Under Article 77 of the constitution, the Shura Council must include a total of 45 members, of which 30 are elected by the public while the remaining 15 are appointed by the amir himself.

The memberships of the representatives expire when they either resign or are dismissed from their positions.

The term of the Shura Council lasts for four calendar years starting from the date of the first meeting, with elections being conducted in the remaining 90 days. Members can be re-elected, as per legislation.


Addressing the 40th session of the Shura, Qatar’s amir at the time announced his decision to hold the council’s elections in the second half of 2013.

“We know that all these steps are necessary steps to build the modern state of Qatar and the Qatari human being who is capable of facing the challenges of the age and building the nation, and we are confident that you will be up to the responsibility,” said Sheikh Hamad.

Many praised the former leader’s decision and saw it as a step towards pluralism and public participation. However, the elections did not go ahead as planned.


The father amir stepped down on 25 June 2013, handing over power to his son Sheikh Tamim bin Hamad Al Thani.

“As I address you today, I declare that I will hand over the reins of power to Sheikh Tamim bin Hamad Al Thani, and I am fully certain that he is up to the responsibility, deserving the confidence, capable of shouldering the responsibility and fulfilling the mission,” said Sheikh Hamad.


In 2017, 13 memberships were renewed, however, most notably, four women were appointed to the Shura by the amir – the first time such move for the legislative body.

The women included Hind Abdul Rahman Al-Muftah, Hessa Sultan al-Jaber, Reem al-Mansoori and Aisha Yousef al-Mannai.

Qatar’s Shura Council elections an ‘expansion of civil society’: analyst


In the same year, Amir Tamim also announced preparations for Shura Council elections, which he said would take place in 2019.


In November, Qatar’s amir announced the country would be holding the long-promised elections for its top advisory panel the following year.

Sheikh Tamim said the first-ever vote will take place in October 2021, describing it as “an important step” for the Gulf state in order to “develop the legislative process with a wider participation of citizens”.

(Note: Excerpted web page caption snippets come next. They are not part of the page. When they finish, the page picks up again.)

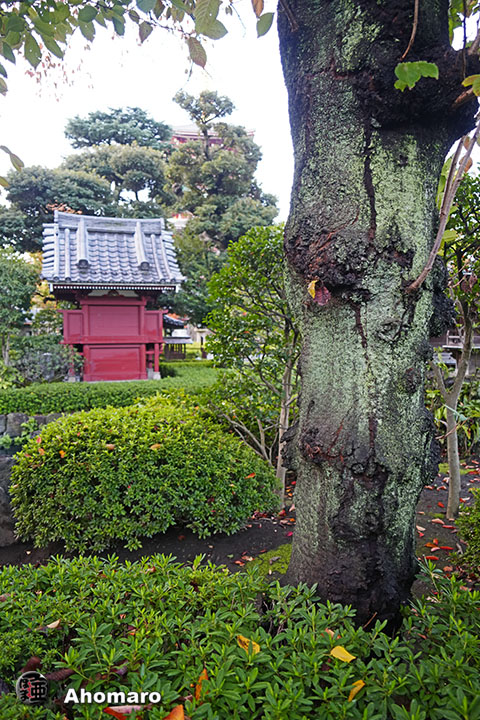写真00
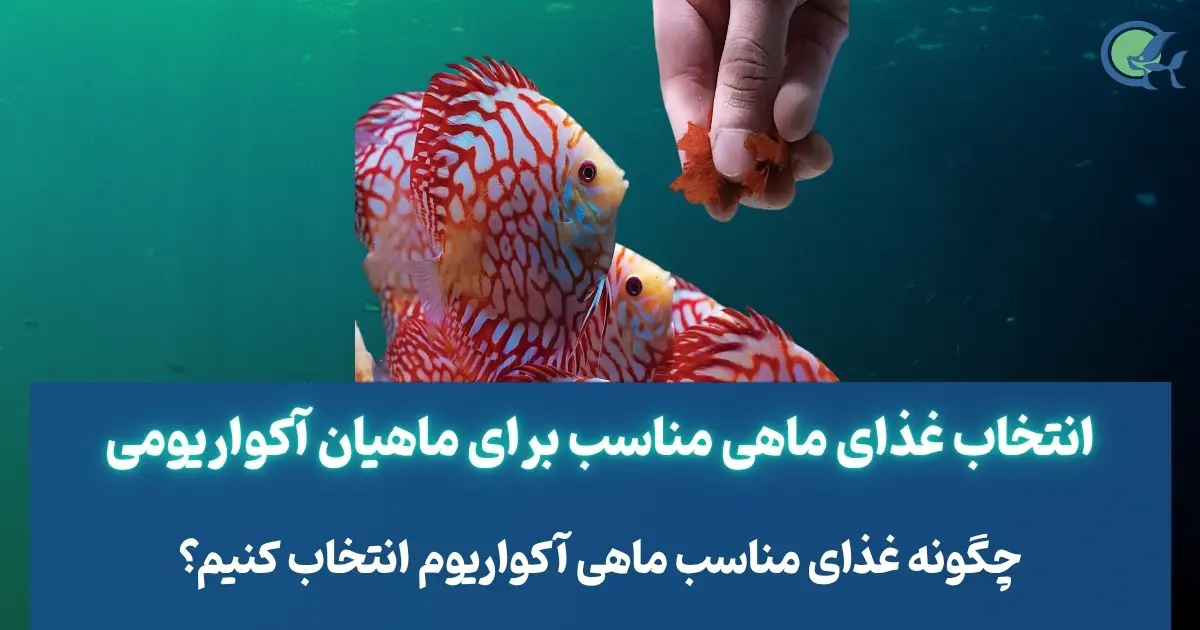 انتخاب غذای ماهی مناسب برای ماهیان آکواریومی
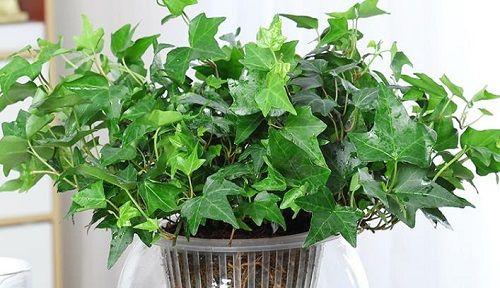 常青藤的养殖方法（从种植到护理）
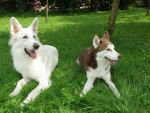 Best le Berger blanc suisse - Berger Blanc Suisse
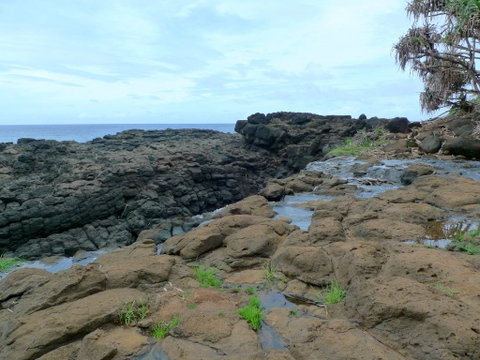P1520950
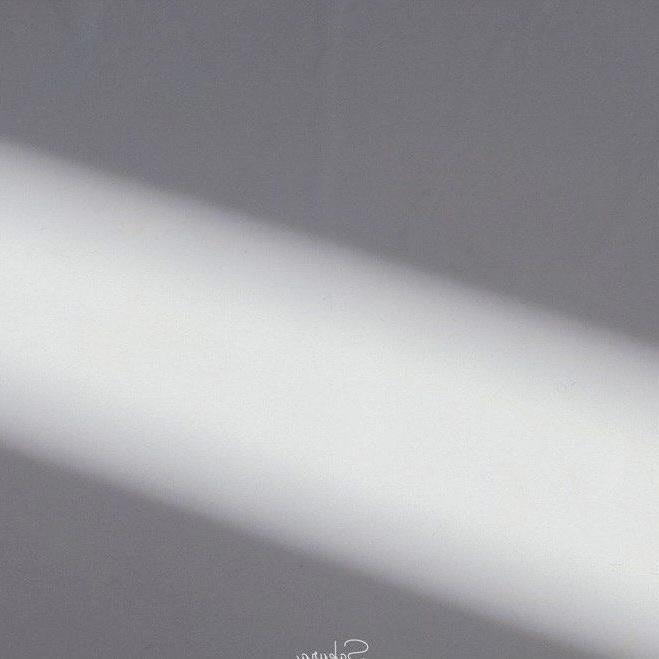 浪漫主义小红歌（翻自 姜云升）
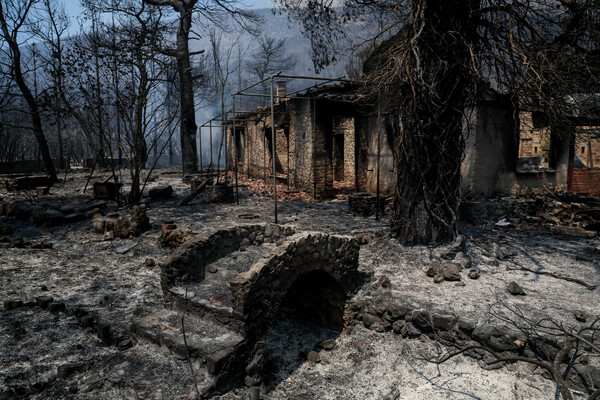 Μάχη με τις φλόγες στα Βίλια - Η φωτιά καίει παρθένο δάσος (ΕΙΚΟΝΕΣ)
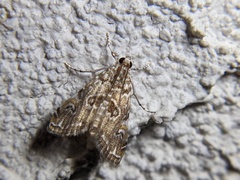 Elophila gyralis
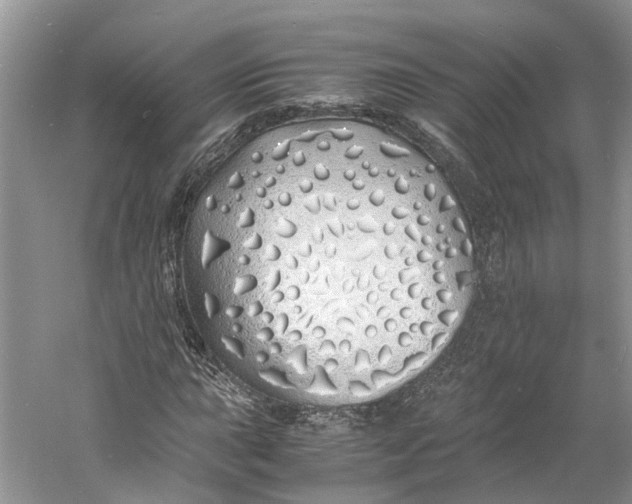 X0000060771015200512011606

In May, Qatar’s cabinet approved a draft law on the Shura Council’s electoral system that presented the details of the criteria needed in order to run for the elections.

The criteria included requirements of candidates’ eligibility, voter registrations and campaigning as well as other details concerning the first of its kind election.

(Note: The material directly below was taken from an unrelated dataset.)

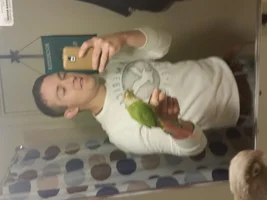 Conure ''Greenhorn" aka:new guy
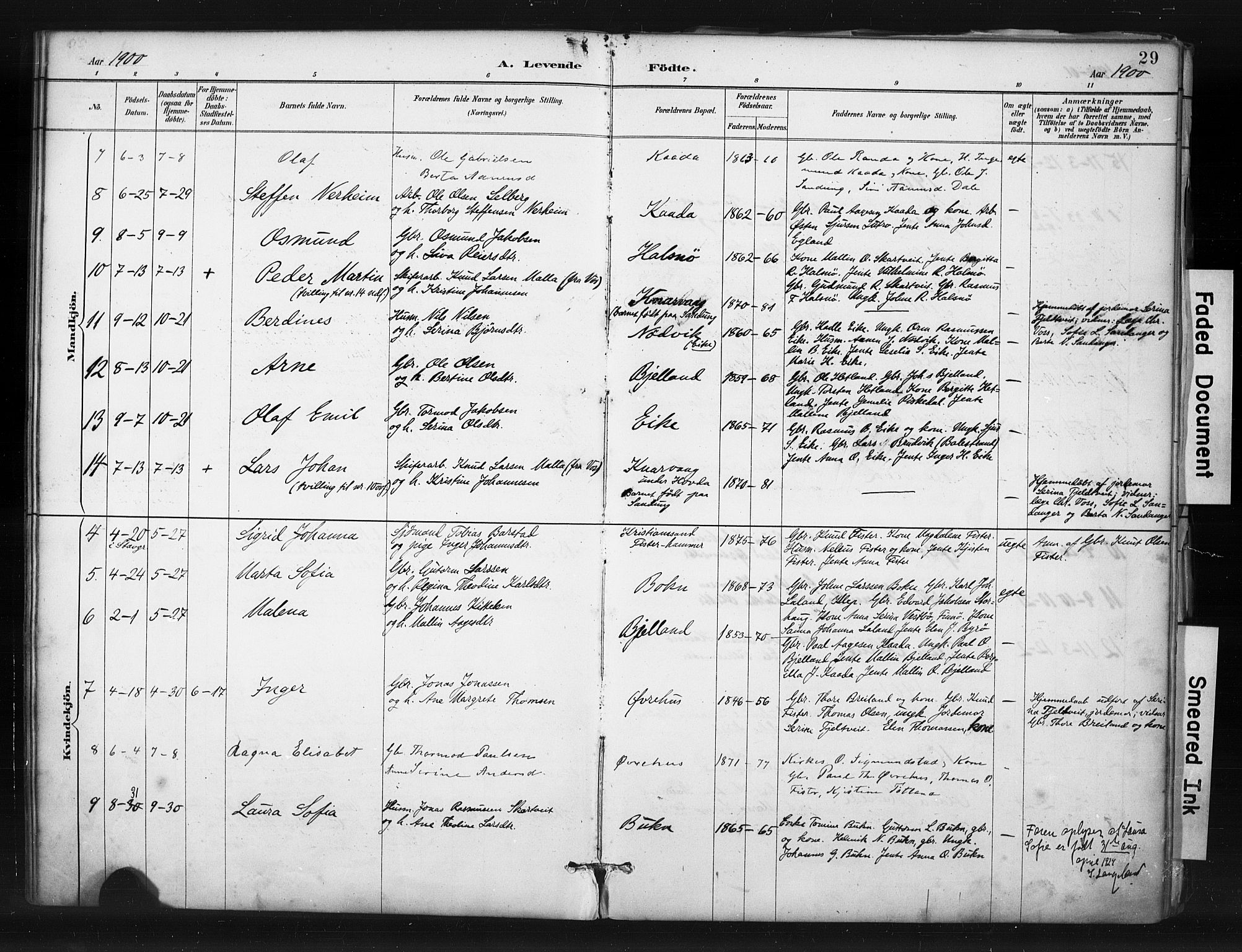 Hjelmeland sokneprestkontor, SAST/A-101843/01/IV/L0015: Parish register (official) no. A 15, 1887-1910, p. 29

Under the new draft law, candidates must be able to run based on the constitution and legal rules of constitutional nature.

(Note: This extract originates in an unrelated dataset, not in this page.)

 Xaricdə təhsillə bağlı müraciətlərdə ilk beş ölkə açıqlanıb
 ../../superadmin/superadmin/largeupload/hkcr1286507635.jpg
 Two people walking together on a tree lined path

Then in July, the Ministry of Interior [MOI] announced the formation of a Supervisory Committee and multiple other executive committees dedicated to dealing with the Shura Council elections.

The Supervisory Committee was established to take charge of the preparation of the elections while overseeing the proper conduct of the electoral process. The supervisory group will work closely with the executive committees, all of which will be separated into legal, security, technical, media, and logistical bodies.

By the end of the month, Qatar’s amir approved an electoral law under which citizens could vote for 30 members of the 45-seat legislative council while the remaining 15 members will be selected by the amir himself.

The law laid out the drafting process of the elections, who can vote, who can be nominated, the next steps following the finalisation of the candidates, and the electoral process. Furthermore, it stated that  the Election Committee will be drawing lots with the presence of the candidates if a tie occurs.

Candidate registration opened in August, when the Supervisory Committee for the Shura Council elections began receiving applications. This marked the second phase of the electoral process.

Then on 22 August, Sheikh Tamim announced the official date for the vote: 2 October.

By the end of August, the preliminary list of nominees for the elections were announced, comprising of 300 Qataris. At least 40 women submitted applications to register as candidates for the Shura Council elections.

On 15 September, the list of the finalised candidates was released, which included 284 candidates, including 28 women, from a total of 30 electoral districts.